• WORK TASK: Each line below should be repeated exactly as it stands.

Brief descriptive captions:
################

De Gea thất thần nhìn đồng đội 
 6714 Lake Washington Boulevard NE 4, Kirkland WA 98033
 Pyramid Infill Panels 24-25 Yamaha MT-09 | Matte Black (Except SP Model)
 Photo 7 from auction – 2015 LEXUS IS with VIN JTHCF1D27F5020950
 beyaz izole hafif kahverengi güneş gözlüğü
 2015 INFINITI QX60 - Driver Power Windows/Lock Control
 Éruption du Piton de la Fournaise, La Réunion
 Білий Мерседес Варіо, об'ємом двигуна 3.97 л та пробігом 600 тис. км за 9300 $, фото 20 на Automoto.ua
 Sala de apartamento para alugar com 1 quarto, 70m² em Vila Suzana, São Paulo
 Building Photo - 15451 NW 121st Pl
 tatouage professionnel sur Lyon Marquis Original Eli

################

• OUTPUT:
De Gea thất thần nhìn đồng đội 
 6714 Lake Washington Boulevard NE 4, Kirkland WA 98033
 Pyramid Infill Panels 24-25 Yamaha MT-09 | Matte Black (Except SP Model)
 Photo 7 from auction – 2015 LEXUS IS with VIN JTHCF1D27F5020950
 beyaz izole hafif kahverengi güneş gözlüğü
 2015 INFINITI QX60 - Driver Power Windows/Lock Control
 Éruption du Piton de la Fournaise, La Réunion
 Білий Мерседес Варіо, об'ємом двигуна 3.97 л та пробігом 600 тис. км за 9300 $, фото 20 на Automoto.ua
 Sala de apartamento para alugar com 1 quarto, 70m² em Vila Suzana, São Paulo
 Building Photo - 15451 NW 121st Pl
 tatouage professionnel sur Lyon Marquis Original Eli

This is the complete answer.